• What to produce:
From the data that follows, set down exactly the lines from the one with "Hey there, in" through the one with "Clearly, there cannot", counting both. Pictures stay out.

• Data shown:
━━━━━━━━━━━━━━━━━━━━━━━━━━━━━━
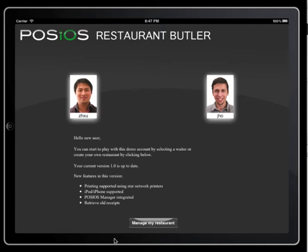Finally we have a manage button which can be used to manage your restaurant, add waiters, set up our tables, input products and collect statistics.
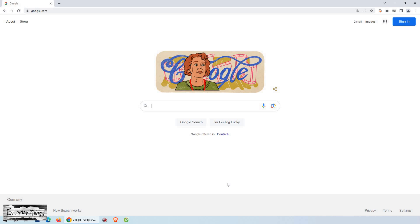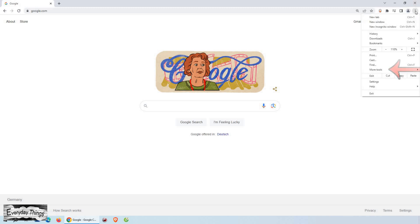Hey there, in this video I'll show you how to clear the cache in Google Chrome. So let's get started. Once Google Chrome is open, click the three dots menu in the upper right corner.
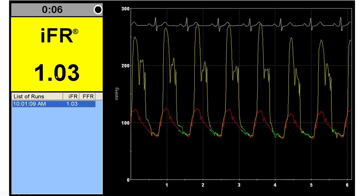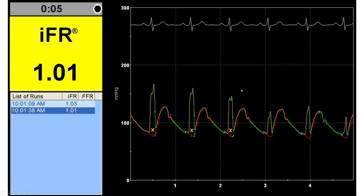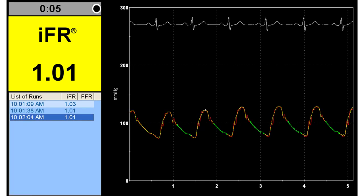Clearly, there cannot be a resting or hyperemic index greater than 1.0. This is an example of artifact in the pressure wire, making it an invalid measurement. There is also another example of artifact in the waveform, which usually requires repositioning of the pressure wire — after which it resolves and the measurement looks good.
━━━━━━━━━━━━━━━━━━━━━━━━━━━━━━
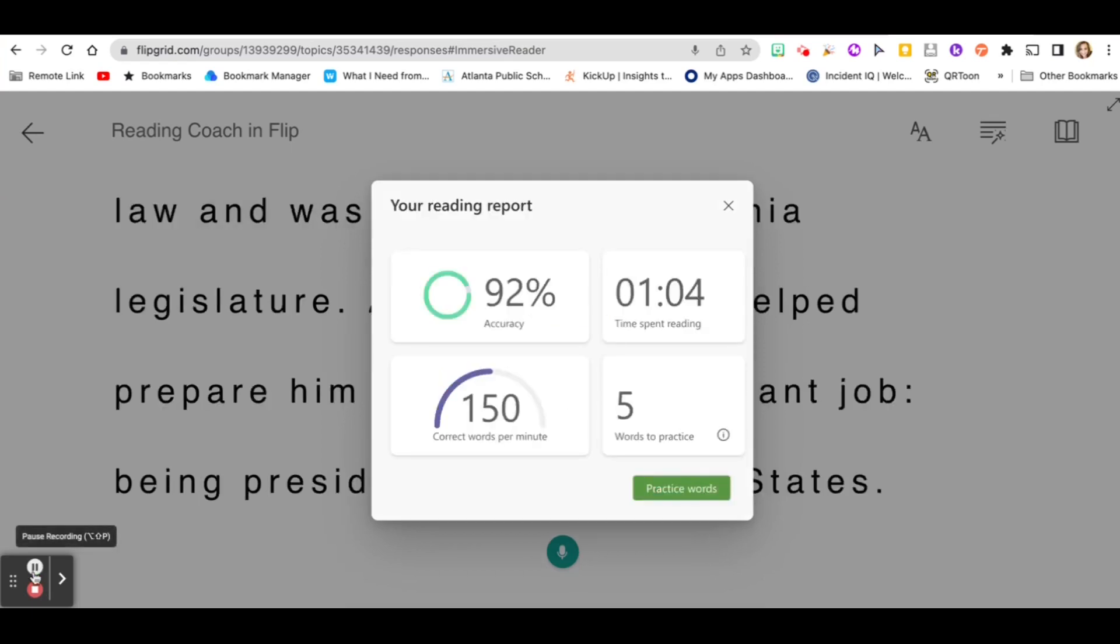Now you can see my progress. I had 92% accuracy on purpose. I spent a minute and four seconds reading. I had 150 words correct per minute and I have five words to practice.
━━━━━━━━━━━━━━━━━━━━━━━━━━━━━━
• Answer:
Hey there, in this video I'll show you how to clear the cache in Google Chrome. So let's get started. Once Google Chrome is open, click the three dots menu in the upper right corner.
Clearly, there cannot be a resting or hyperemic index greater than 1.0. This is an example of artifact in the pressure wire, making it an invalid measurement. There is also another example of artifact in the waveform, which usually requires repositioning of the pressure wire — after which it resolves and the measurement looks good.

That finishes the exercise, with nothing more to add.